When a person dies without a will (dying “intestate”), the court may need to appoint an administrator to deal with the estate. An administrator’s job includes paying the deceased’s debts and distributing their assets. Under the law, an administrator must also give notice of their application to certain people (such as those who are entitled to receive a share of the estate).
The first step to becoming an administrator is filing, with the court, an application for grant of administration without will annexed. The application includes multiple documents, such as a certificate of a wills notice search (confirming there is no will) and multiple affidavits. Although this can be done without a lawyer, it can be a complicated process.
If the application is approved, the court issues a grant of administration, which gives the administrator the authority to deal with the estate.
Whether someone is granted administration of the estate depends on their relationship to the deceased. Under the law in BC, there is a priority list of the people who can apply to administer an estate. The spouse or spouse’s nominee has priority, followed by a list of alternatives in the following order:
- a child of the deceased or someone nominated by such child,
- a relative of the deceased, and
- any other eligible person.
There are some situations where a grant may not be needed:
- Small estates (gross value less than $25,000). The outside parties who hold the deceased’s assets (such as a bank) decide whether they’ll hand over those assets without a grant.

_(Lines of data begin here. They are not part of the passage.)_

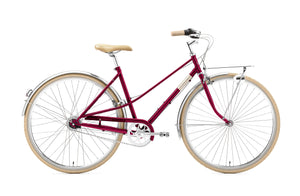 Creme Caferacer Lady Solo 7 Bordeaux Dutch Style Bicycle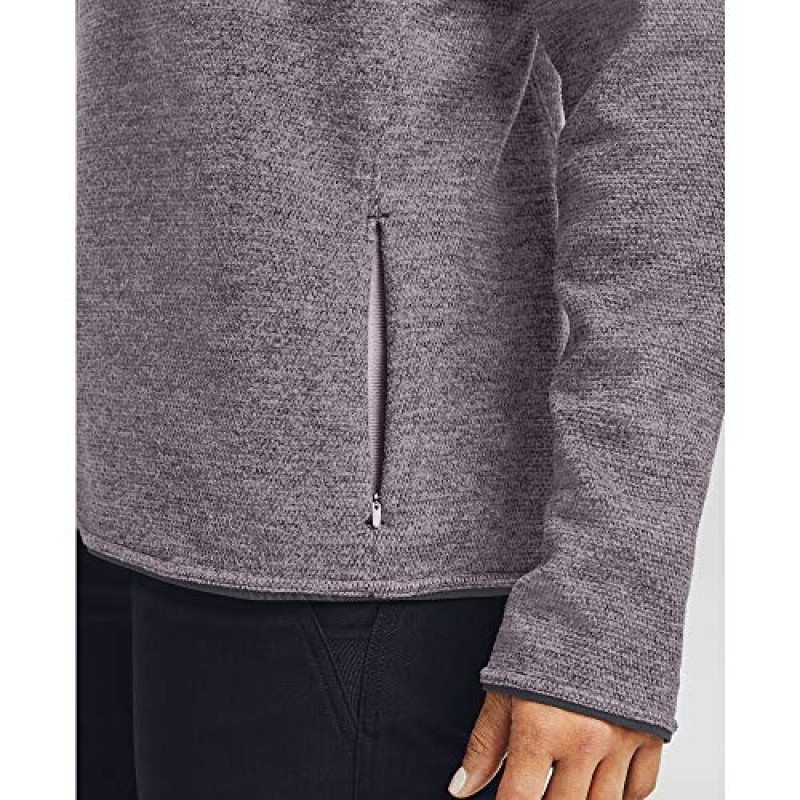 Under Armour 여성용 Wintersweet 그리드 1/2 지퍼 티셔츠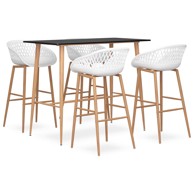 5-dijelni barski set crno-bijeli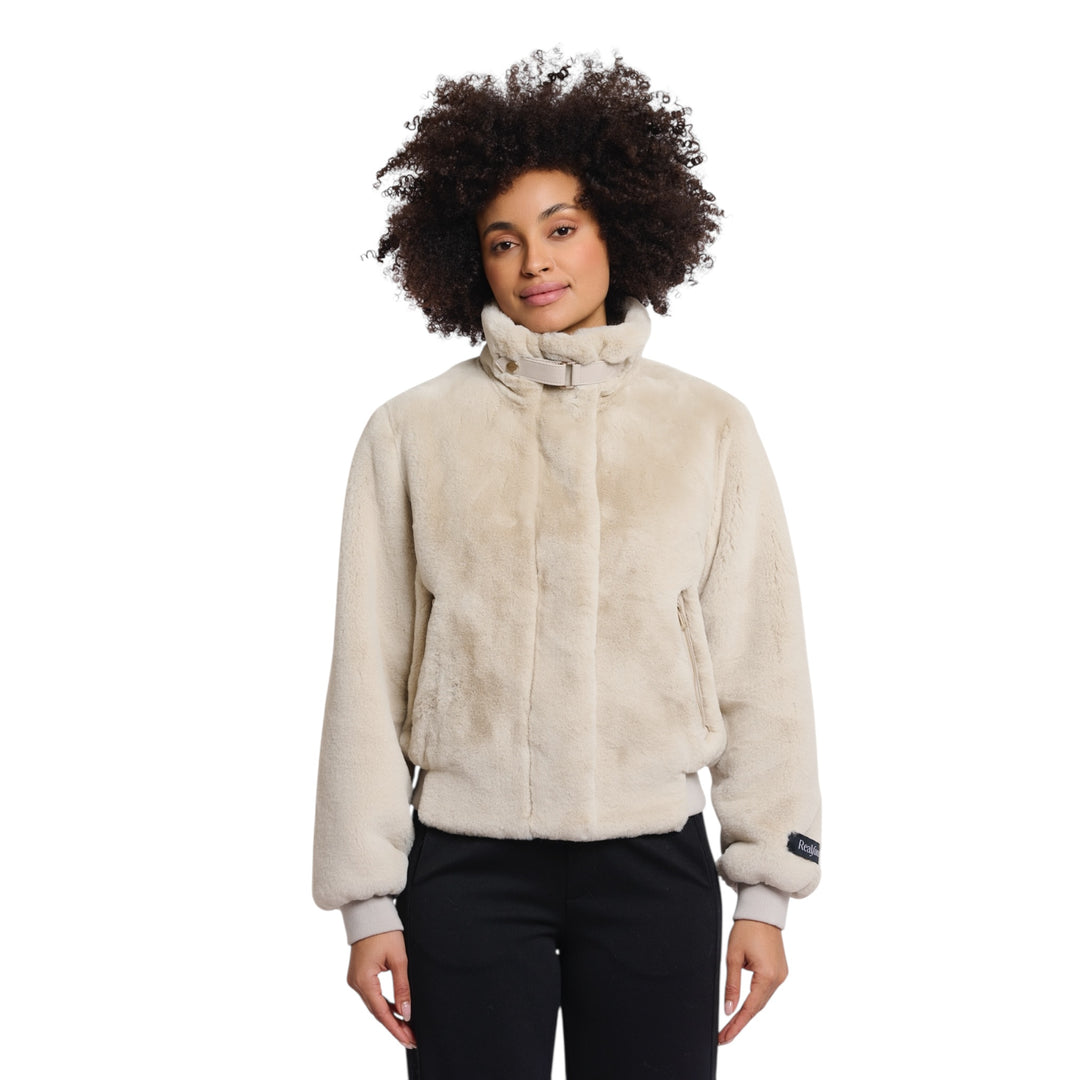 Rino & Pelle Ambra Short Faux Fur Jacket Birch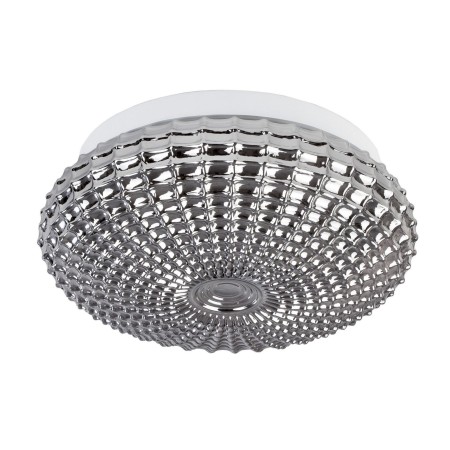 Stylowa lampa Luces Exclusivas LINCOLN LE42441 - kolor lampy - chromowany dymiony/biały, materiał - szkło/metal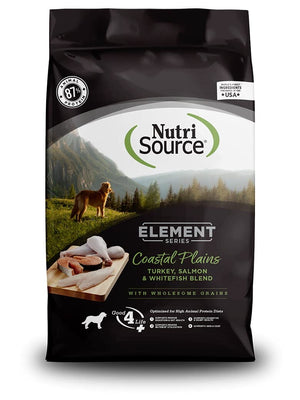 Nutrisource Element Series Coastal Turkey Salmon and Whitefish with Wholesome Grains Dr...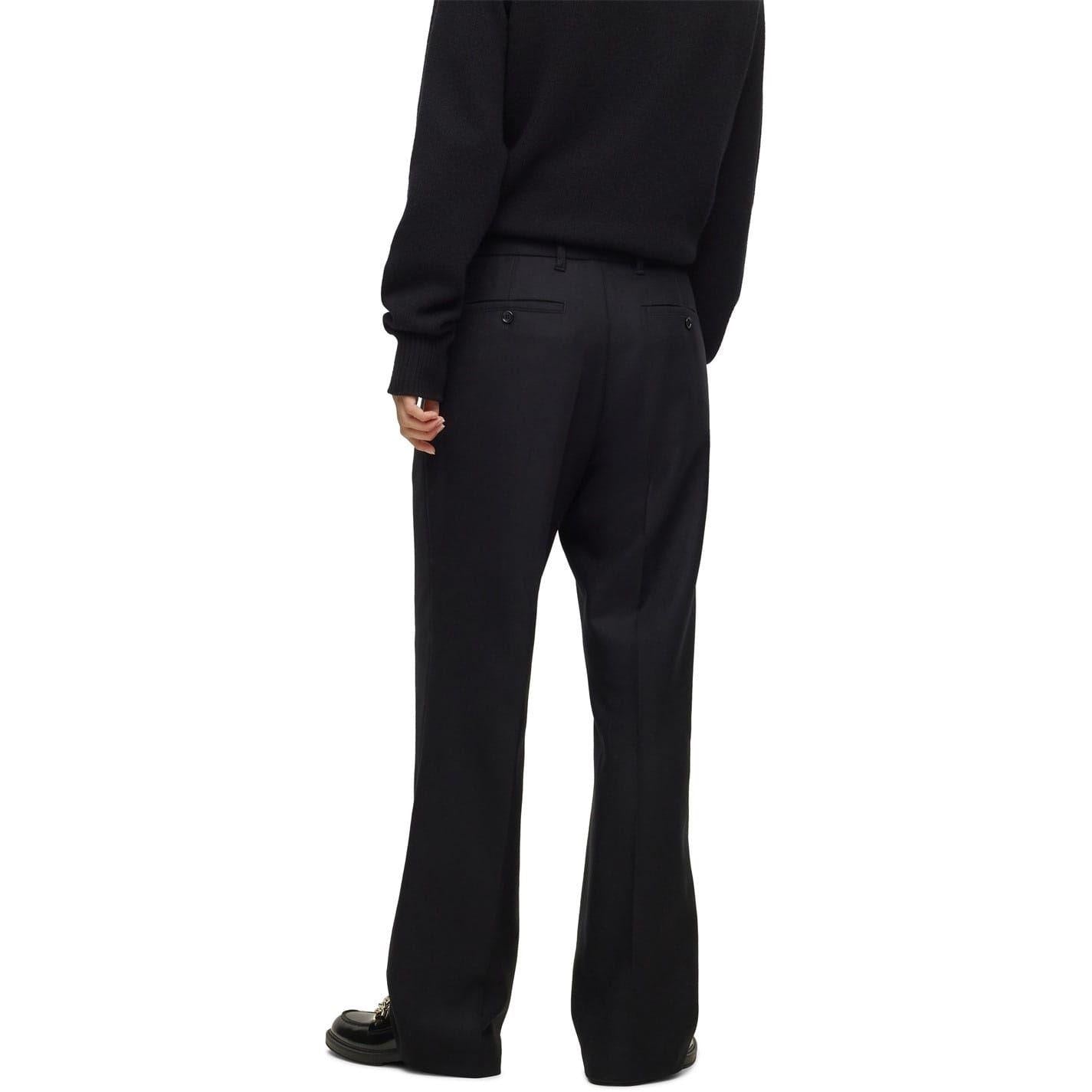 Black - Back - Boss Mens Straight Slim Trousers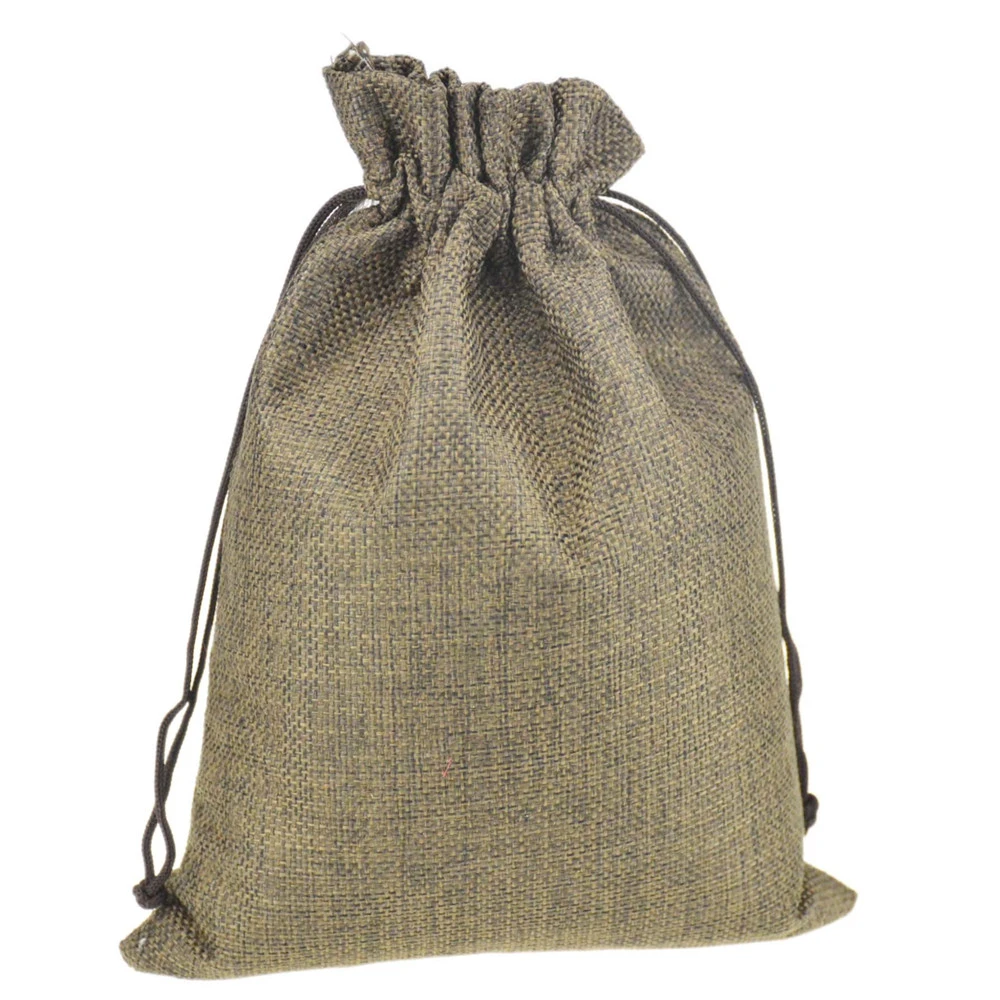 Bolsas de yute de tela de lino de cm, paquete de regalo con cordón, bolsas de con cordón de nailon reutilizables, decoración del hogar|bag f|bags withbag pouch - AliExpress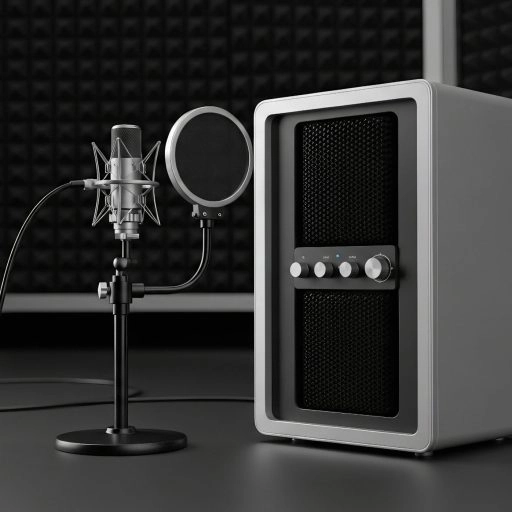 Video Confessional Booth - Lucky Frog Photo Booth | Corporate Event Rentals smart noise suppressor in a recording booth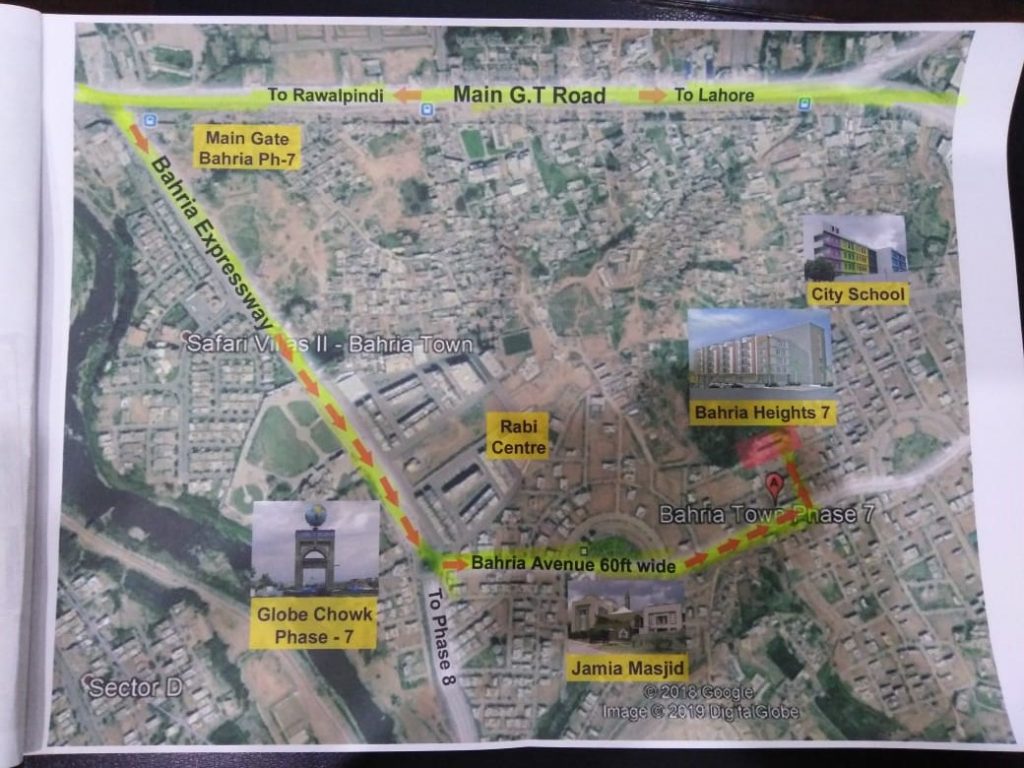 Bahria Heights 7 Location Plan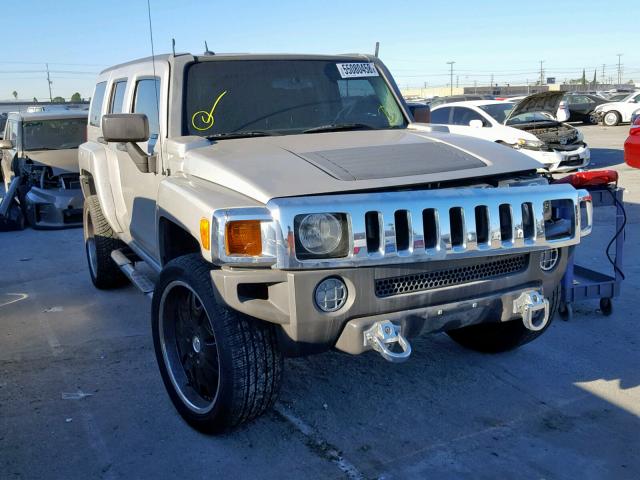 5GTDN13E978210312 - 2007 HUMMER H3 BEIGE photo 1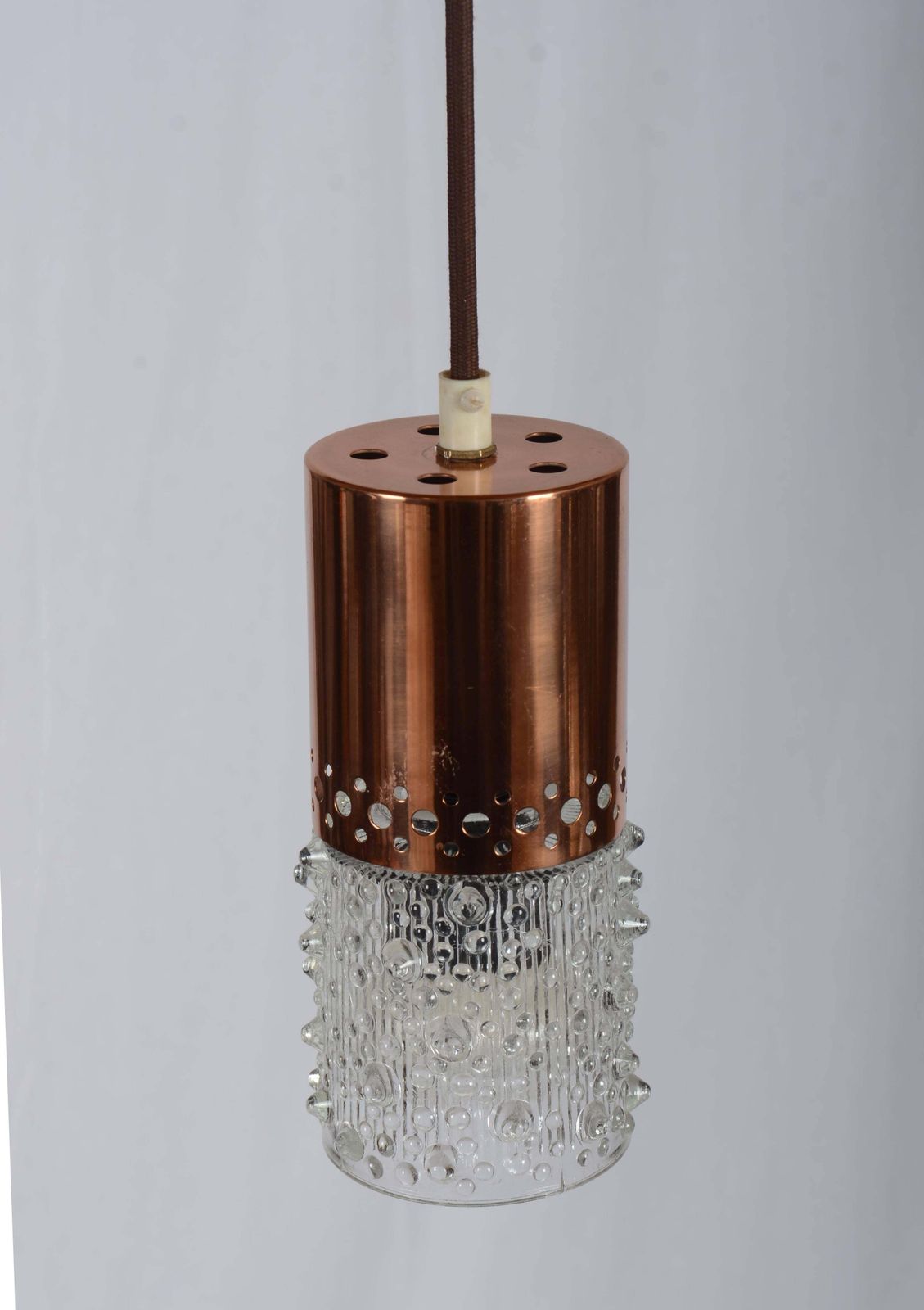 photo for sale Mid Century Copper Pendant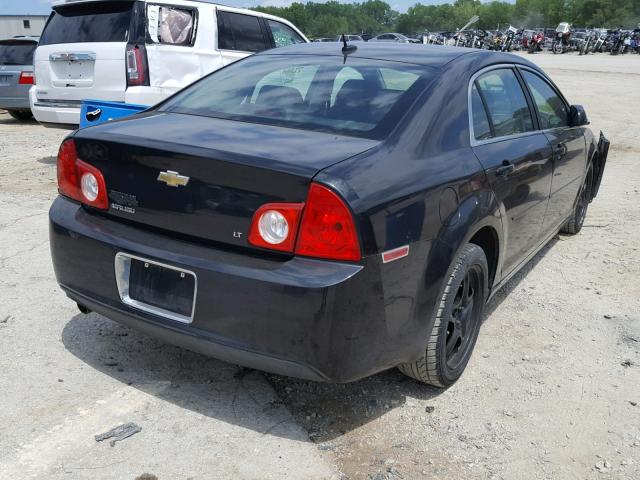 1G1ZH57B58F297627 - 2008 CHEVROLET MALIBU 1LT 黑色 照片 4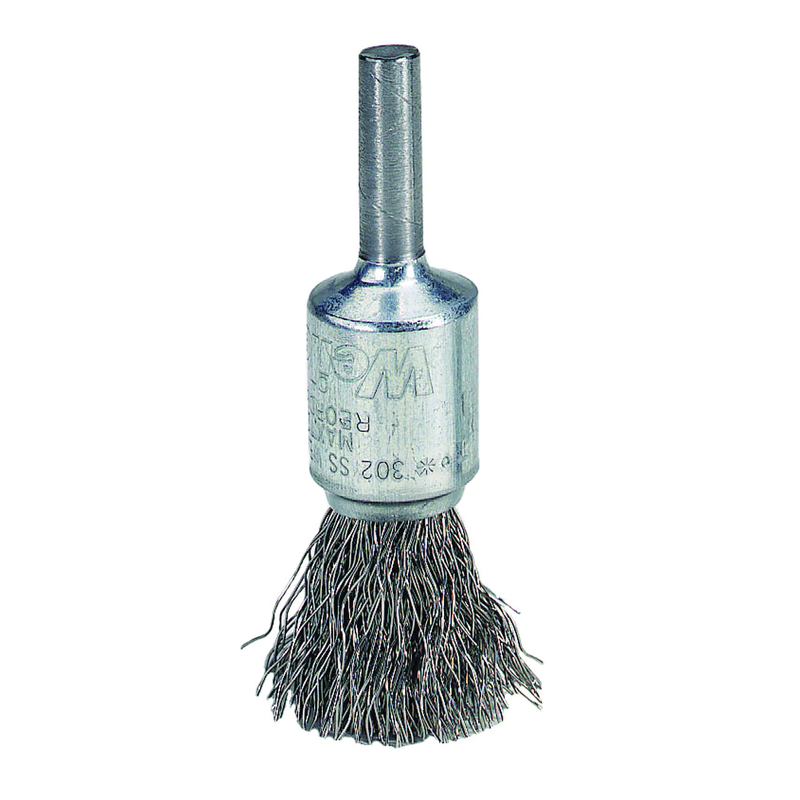 Weiler MK5036476 2 1/2" Diameter - Crimped Steel Wire Stem Mounted Brush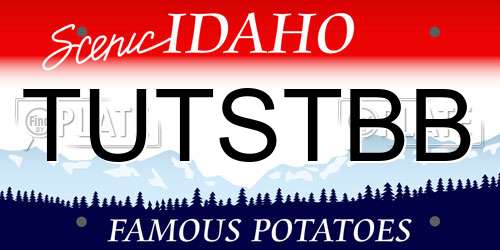 TUTSTBB Idaho License Plate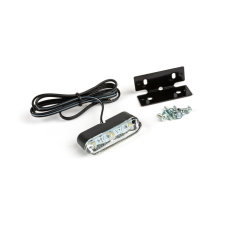 Str8 Rendszámtábla világítás 3 LED fekete alapon motorkerékpár fényszóró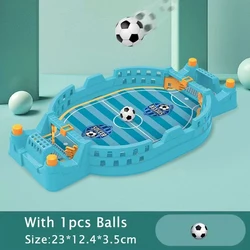 Compact Foosball Table - Tabletop Soccer Game for Indoor Fun and Entertainment (Blue With 1 Balls)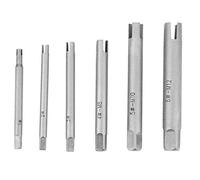 Nikou Extracteur de taraudage - Extracteur de taraudage Extracteur de vis Acier tête cassée Tarauds Dissolvant Vis Stripped Jeu de robinets extracteurs (Taille : 6Pcs)
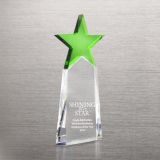 Emerald Star Pinnacle Crystal Trophy for Employee Recognition Event (#78216)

- Jointly owned assets such as bank accounts or real estate property can be transferred to the other joint owner without a grant.
- Assets with a designated beneficiary (a person named to receive the asset), such as life insurance policies or registered retirement plans.
If the estate is a relatively simple one, the assistance of a lawyer may not be required. If you don’t know whether you need to seek a grant or not, you may want to talk to a lawyer.